To me these are the bare minimum for a reasonable online presence. Please note result depends how well you use these tools. Having online presence only will not generate business for you. It is just like opening a high street shop does not guarantee that you will get business. New business generation depends on how well you market your shop online or offline.
Therefore, customers are getting more and more demanding and want to interact with the businesses using new communication tools before they decide to buy. For this you need a two way communication tools such as website with a blog and social media properties such as Facebook page and twitter account.

Why Small Businesses Need Online Presence
World has changed whether you accept it or not.
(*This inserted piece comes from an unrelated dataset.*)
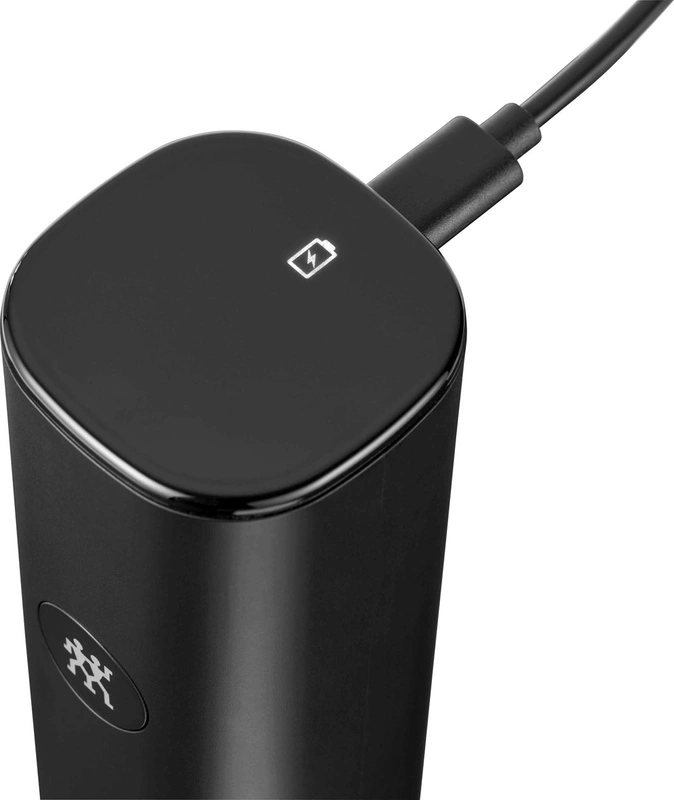 Zwilling - Otwieracz do wina Enfinigy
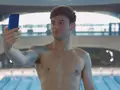 post_big/htc-advert-banned.jpg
Vast majority of customers do not look for phone directories or yellow pages any more when looking for new product and services. Because customers wants to see what other people say about any business they are going to do business with.
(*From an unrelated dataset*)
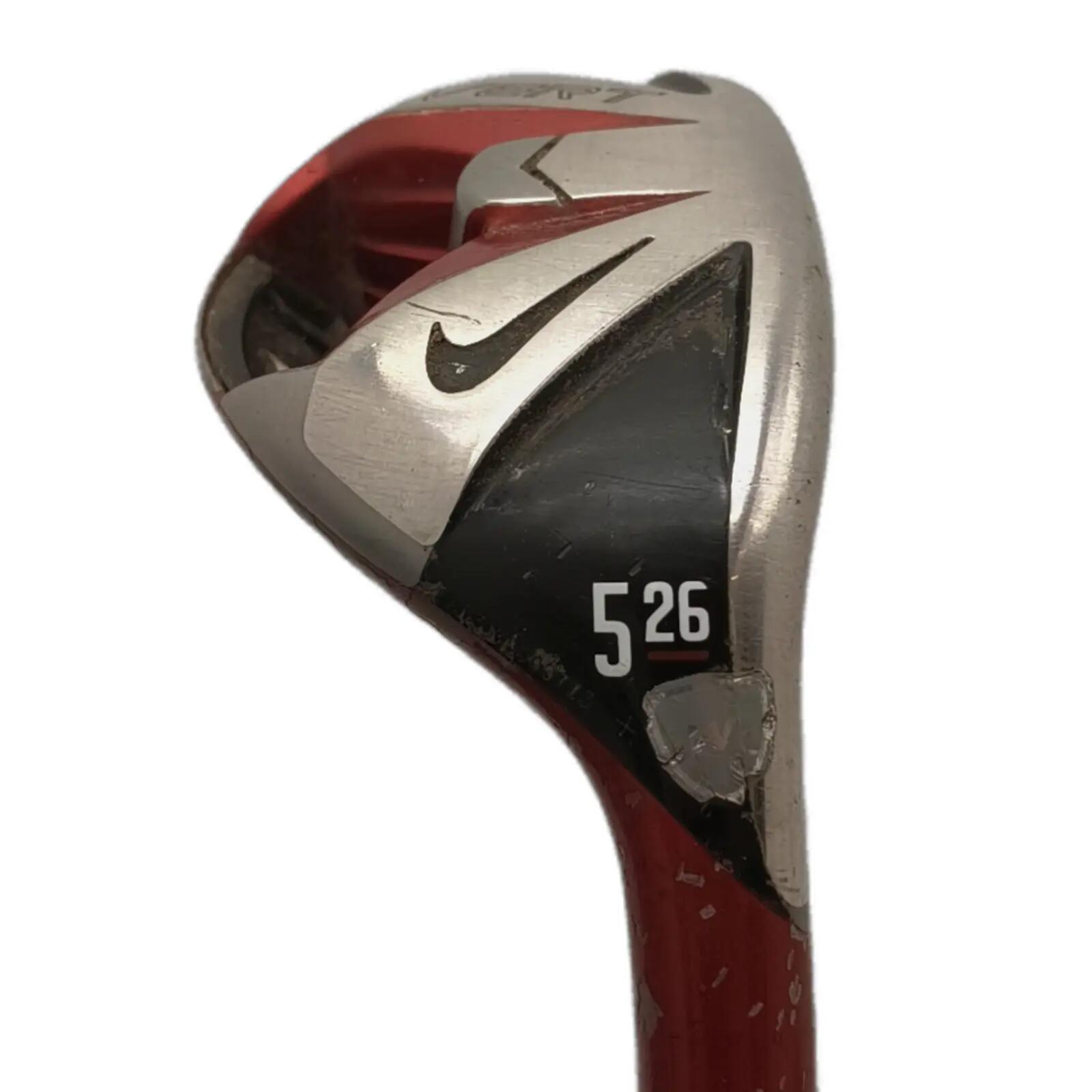 Nike Covert VRS Hybrid / Flex Ladies / #5/26 3/6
This is not possible to find out from phone directory or yellow pages alone.
Therefore, people find businesses online and like to check reviews before deciding to do business with any one.
They are expecting smart phone users reaching to one billion by 2013. Can you ignore this number? I doubt it.
Customers find businesses on the smart phone and if you are not on there you are missing out big time.

How It Will Effect Your Business
Your brick and mortar only business has geographical boundaries, whereas online presence give you the freedom to sell potentially across the globe as long as you can deliver.
Some of the benefits of having a good online presence
1. Power to sell more through another powerful channel
2. Potential to sell all over the world
3. Social Media tools help word of mouth marketing
4. Potential of make a system and sell on auto pilot
5. Low operating expense compare to brick & mortar business
I am sure you can add to the benefits list if you are already leveraging internet to increase your business.

You May Have Different Views
These are my views and you may have different point of view. Please feel free to share your views in the comments section below.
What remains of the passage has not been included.